The desperate quest for doing it 'right'
This morning I ran into an interesting design decision. The problem at hand isn't that interesting, I've solved it a lot of times before. The interesting thing is that this problem isn't always solved the same way. It goes like this: do you tell an element which is inside a container (which can be inside another container) to exclude (remove) itself from its container or do you tell the container to exclude (remove) the element? This might sound simple enough, but what is the right thing to do here? And if one is chosen, on what ground is that approach the right thing and is that always the case, no matter what the scenario might be? No, "It depends" doesn't cut it, for the sole reason that every single day probably millions of developers around the world are, in any state of desperation, searching for the right thing to do, be it for this or other problems. Check the various Q&A sites, the various newsgroups and above all, the wide range of developer blogs, articles and twitter channels, and you'll see that a lot has been, is and will be discussed about that single concept: the right thing.
When I was confronted with the decision outlined above (more on that below), I wondered how a developer with decades of experience in the trenches like myself still has to wonder about this somewhat small decision and isn't capable of instantly choosing one over the other. Is it the big fear deep in all of us that if we make the wrong decision it might haunt us and eventually will bring us down? Looking at myself, with the massive code base this decision will be part of taken into account, it does bug my mind: if I pick the wrong decision, it might hurt the system, my company, and everyone depending on that. If I have these kind of questions, there must be others with the same question, wondering the same thing: what's the right thing to do. Looking at all the blogs, articles, answers given to similar questions on various Q&A sites, indeed, there are many many people out there wondering that same thing: either showing that by giving advice how to do the right thing (dear reader, if you now start to wonder if this is a recursive blog post, you're probably right), or by asking what it might be.
So I wondered: isn't this quest to find what the right thing is actually haunting our profession and why exactly is this? Why do we care so much?

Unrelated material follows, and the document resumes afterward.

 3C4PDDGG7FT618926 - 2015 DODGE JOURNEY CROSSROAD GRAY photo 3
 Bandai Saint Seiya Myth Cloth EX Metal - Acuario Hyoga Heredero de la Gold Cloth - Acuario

And more importantly: can we ourselves solve this?
This post was partly triggered also by a blog post I read this morning by Patrick Smacchia, where he shows that a toolkit written by Jeremy D. Miller called StructureMap has cyclic dependencies between namespaces and Patrick tries to make a case that this kind of coupling is apparently not that great to have. Reading the post I wondered why anyone would give a hoot about such a thing. Don't get me wrong, I like solidly written software which allows great maintainability and extensibility without a lot of effort, but I couldn't help wondering who decides what's right and wrong and why we should care about these kind of 'rules'. A lot of these rules make sense simply because they are based on common sense, however I still have the feeling that the vast majority of these rules only work in a given scenario, however in many situations the boundaries of these scenario's are omitted, be it deliberately or by mistake. The pitfall is that if these scenario boundaries aren't given, the rule at hand starts to look like a rule which can be applied always as it apparently is a rule which is one of the ones based on common sense and is the right thing to do, as it has no boundaries/scenario given where it does work so it should work always.

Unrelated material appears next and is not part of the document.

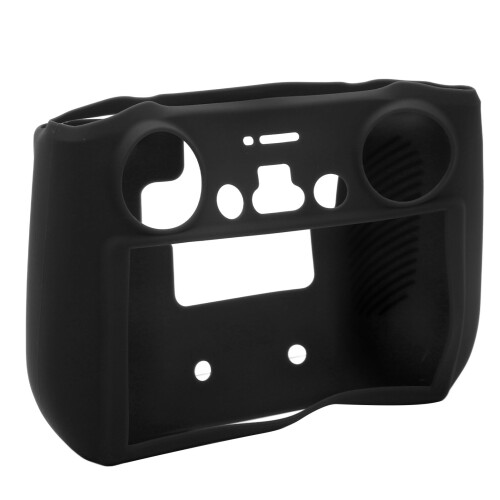 (Black) Drone Controller Cover Silicone Anti-Drop for DJI Mini 3 Pro Gray 2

With the rewrite of LLBLGen Pro's designer for v3.0 using .NET 3.5, I'm trying to do some things differently compared to what I did in v2.x. One of these things is a completely different set of data-structures to store meta-data. These data-structures give a lot of freedom to reason about the meta-data and as everything is event/observer controlled, it's very loosely coupled. However, I too ran into cyclic dependencies of namespaces (inside a common root namespace in the same assembly). When I detected this, I wondered... "should I correct this" ? But then I thought: "Why? Will the sky fall down if I leave these few cycles in?". So I did what I always do in the case when I have to make a design decision: make a pro/con list and decide what's the better option based on that list, document that decision and why you took it (so you can always read back why a decision was made, the most important thing about design documentation), move on. In this particular case, I didn't see any advantage of refactoring the code to obey some rule which is only important if you're going to split up assemblies (which I'm not planning to do in this case) so I left it in.

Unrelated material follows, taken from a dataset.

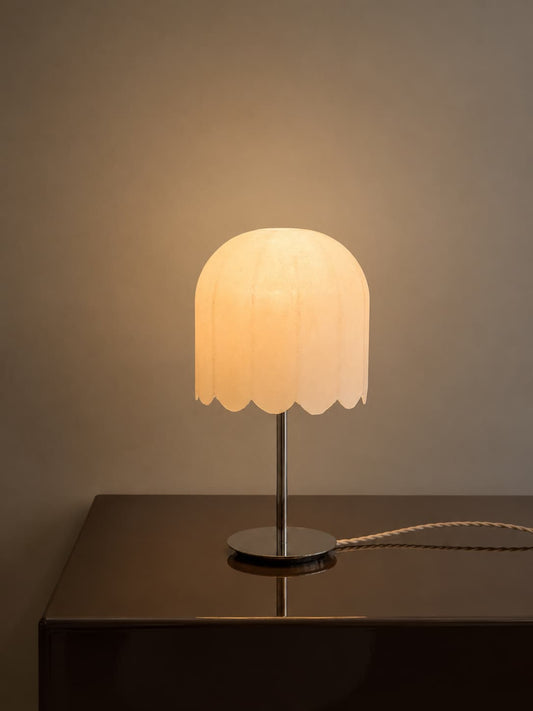The ''Feather'' Table Lamp - Model 2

You might wonder why I didn't present to you right away the pro/con list of the decision I started this post with. The main reason is that I wanted to show you that there is no such thing as the right thing if there's no context given, or better: if your situation isn't known. This is very important. Today, and in the years to come, you'll likely be exposed to articles, blog posts, books, lectures and what not, written by generous people who simply want to help you out, which will tell you what's the right thing to do. I'd like you to keep one single thought in mind, whenever you read such an article, post etc.: Does the scenario this rule, this good advice, applies to actually match my scenario? If not, be careful to apply that advice without proper thinking it through. Software engineering isn't an exact science: there's no such thing as a formula where you put something in and the result is calculated, our profession is about building an executable form of what's been described as the functionality of a system, however there are no turn-key solutions to make that possible: every situation is different.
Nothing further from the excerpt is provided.